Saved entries
________________________________________

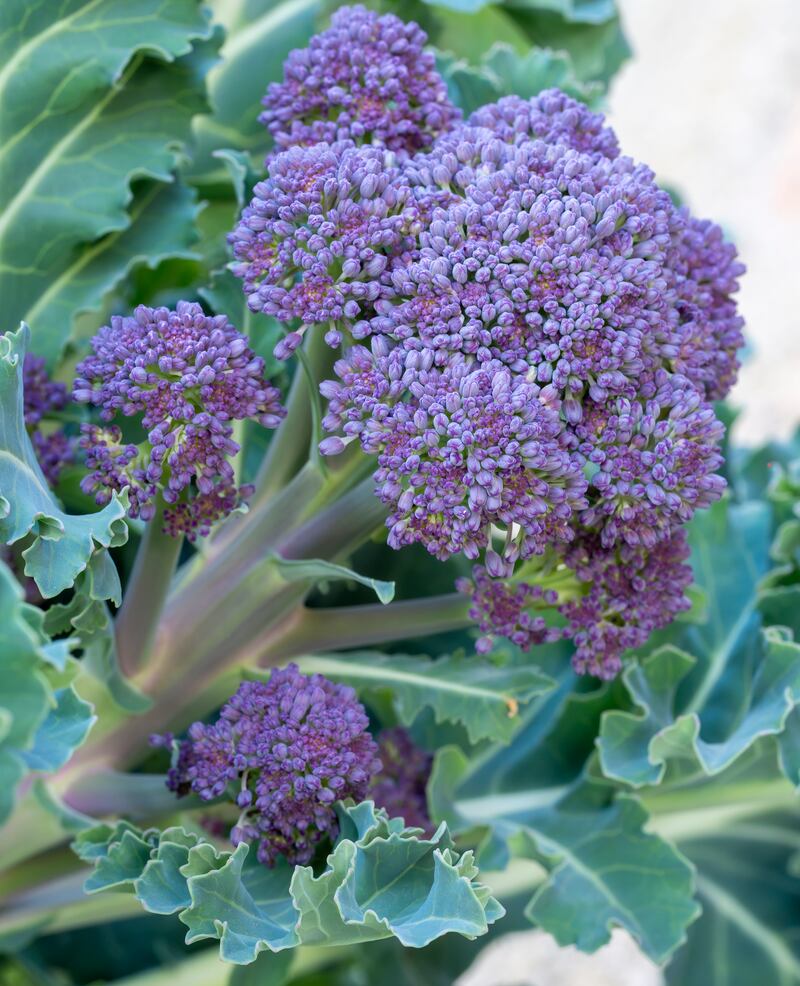 Purple sprouting broccoli can tolerate temperatures as low as -15°C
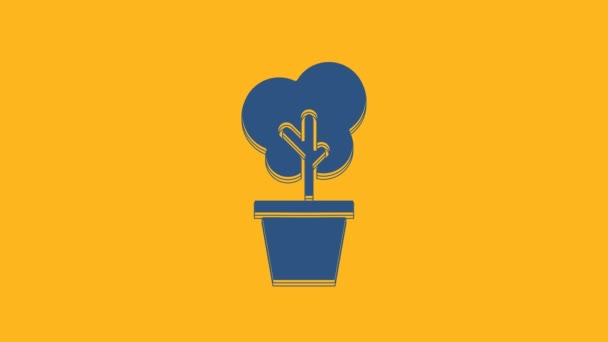 盆栽中的蓝树图标在橙色背景上孤立 家庭盆栽 家居装饰和室内装饰 盆栽标志 4K视频运动图形动画 — 图库视频影像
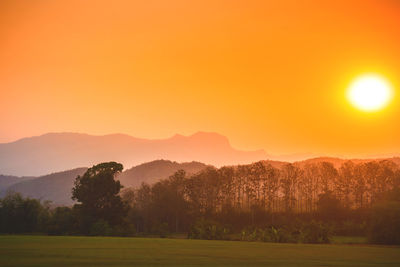 Silhouette trees on field against orange sky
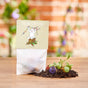 10x5 Flower Marbles in a Bag "Easter Bunny" - Wildflower Seeds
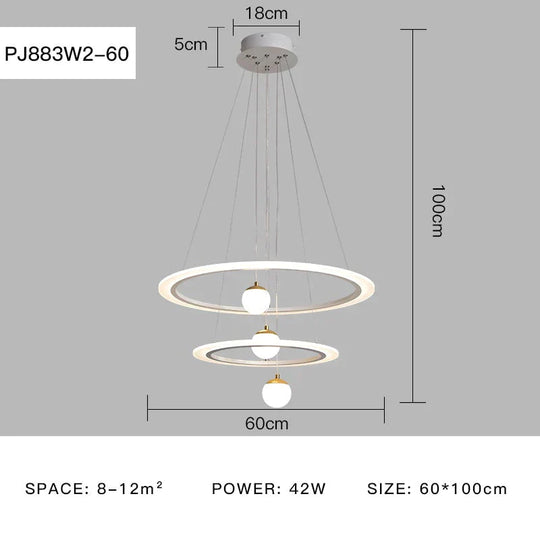 Laya - Minimalist Led Ring Pendant Light Pj883W2-60 / Ac80-265V Brightness Dimmable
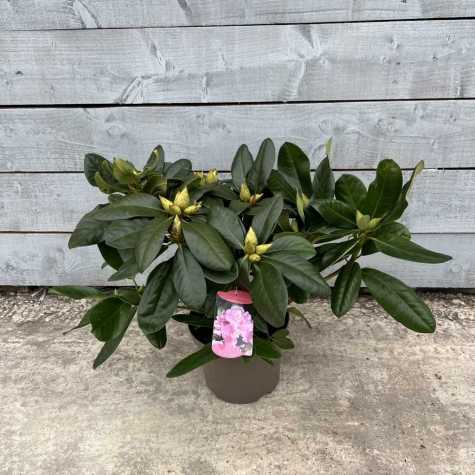 Rhododendron Scintillation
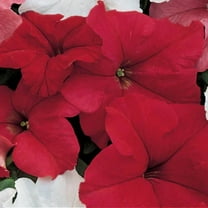 Petunia Dreams Red F1 Seed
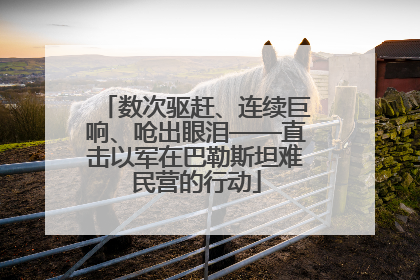 数次驱赶、连续巨响、呛出眼泪——直击以军在巴勒斯坦难民营的行动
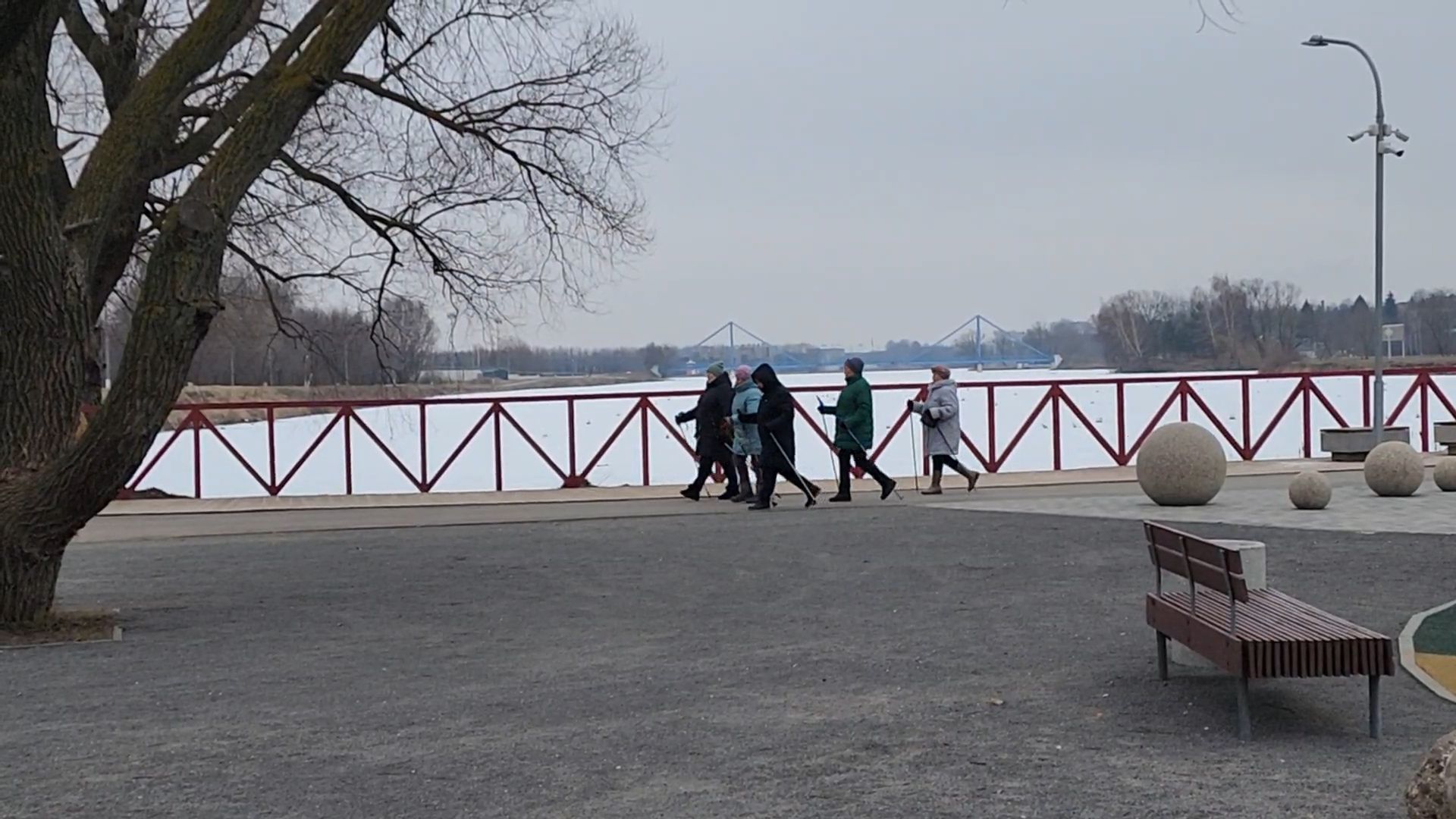 вертикалки, Бронницы, активное долголетие, Скандинавская ходьба,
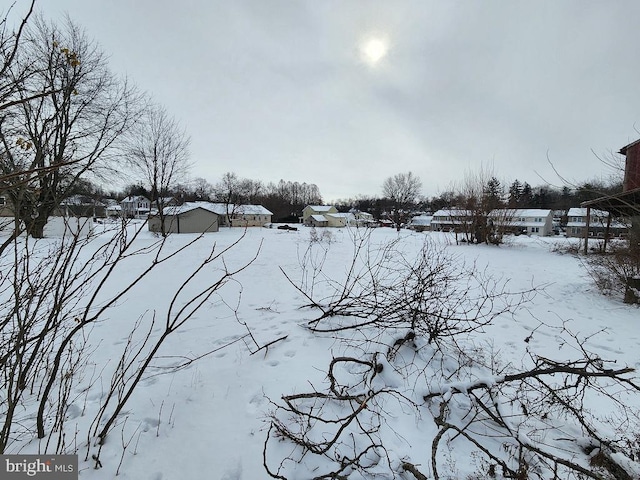 view of yard layered in snow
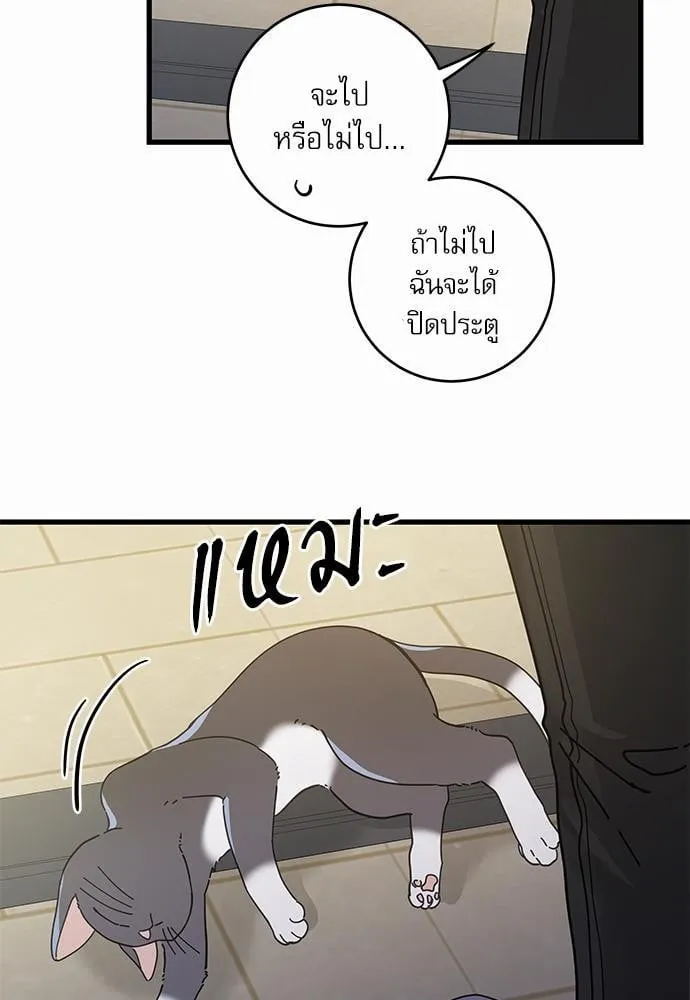 My One and Only Cat ตอนที่ 3505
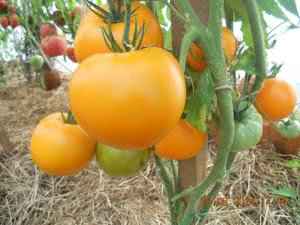 Популярные сорта помидоров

________________________________________

◆ The task: Apart from the images, the entries above must be returned without alteration.

◆ Response:
 Purple sprouting broccoli can tolerate temperatures as low as -15°C
 盆栽中的蓝树图标在橙色背景上孤立 家庭盆栽 家居装饰和室内装饰 盆栽标志 4K视频运动图形动画 — 图库视频影像
 Silhouette trees on field against orange sky
 10x5 Flower Marbles in a Bag "Easter Bunny" - Wildflower Seeds
 Laya - Minimalist Led Ring Pendant Light Pj883W2-60 / Ac80-265V Brightness Dimmable
 Rhododendron Scintillation
 Petunia Dreams Red F1 Seed
 数次驱赶、连续巨响、呛出眼泪——直击以军在巴勒斯坦难民营的行动
 вертикалки, Бронницы, активное долголетие, Скандинавская ходьба,
 view of yard layered in snow
 My One and Only Cat ตอนที่ 3505
 Популярные сорта помидоров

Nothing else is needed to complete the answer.